An article in the New York Times (2/18/10) indicated that dozens of public high schools in eight states will introduce a program next year allowing 10th graders who pass a battery of tests to get a diploma two years early and immediately enroll in community college.
Students who pass but aspire to attend a selective college may continue with college preparatory courses in their junior and senior years, organizers said. Students who fail the 10th-grade tests, known as board exams, can try again at the end of their 11th and 12th grades. The tests would cover not only English and math but also subjects like science and history.
The new system of high school coursework with the accompanying board examinations is modeled largely on systems in high-performing nations including Denmark, England, Finland, France and Singapore.
The program is being organized by the National Center on Education and the Economy, and its goals include insuring that students have mastered a set of basic requirements and reducing the numbers of high school graduates who need remedial courses when they enroll in college. More than a million college freshmen across America must take remedial courses each year, and many drop out before getting a degree.
The Bill and Melinda Gates Foundation has provided a $1.5 million planning grant to help the national center work with states and districts to get the program running. He estimated that start-up costs for school districts would be about $500 a student, to buy courses and tests and to train teachers.
To defray those costs, the eight states intend to apply for some of the $350 million in federal stimulus money designated for improving public school testing.
High school students will begin the new coursework in the fall of 2011 in Connecticut, Kentucky, Maine, New Hampshire, New Mexico, Pennsylvania, Rhode Island and Vermont. The education commissioners of those states have pledged to sign up 10 to 20 schools each for the pilot project, and have begun to reach out to district superintendents.

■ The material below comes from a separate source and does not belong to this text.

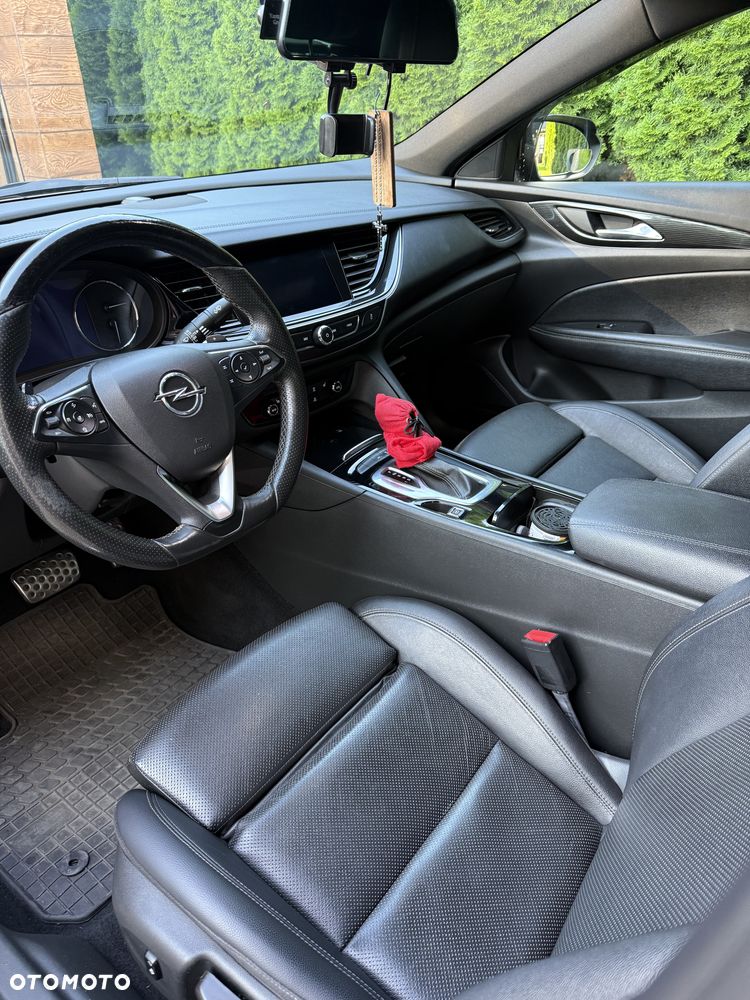 Opel Insignia - 10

The project’s backers hope it will eventually spread to all schools in those states, and inspire other states to follow suit. Supporters include the National Association of Manufacturers and the National Education Association, the nation’s largest teachers’ union.
Kentucky’s commissioner of education, Terry Holliday, said high school graduation requirements there had long been based on having students accumulate enough course credits to graduate.

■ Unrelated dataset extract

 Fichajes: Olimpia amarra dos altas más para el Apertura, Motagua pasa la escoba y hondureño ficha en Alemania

“This would reform that,” Dr. Holliday said. “We’ve been tied to seat time for 100 years. This would allow an approach based on subject mastery “” a system based around move-on-when-ready.”
Its backers say the new system would reduce the need for community colleges to offer remedial courses because the passing score for the 10th-grade tests would be set at the level necessary to succeed in first-year college courses. Failure would provide 10th graders with an early warning system about the knowledge and skills they need to master in high school before seeking to enroll in college.
Currently, many high school graduates enrolling in community colleges are stunned to find that they cannot pass the math and English exams those colleges use to determine who need remediation.
In that respect, the effort is similar to the growing early college high school movement, in which students begin taking college-level courses while they are still in high school and earning college credit through nearby community colleges.
As long as we are looking into going in that direction, why not extend high school to “as long as it takes” for those students who need more time to master high school curricula? Isn’t that preferable to having students drop out?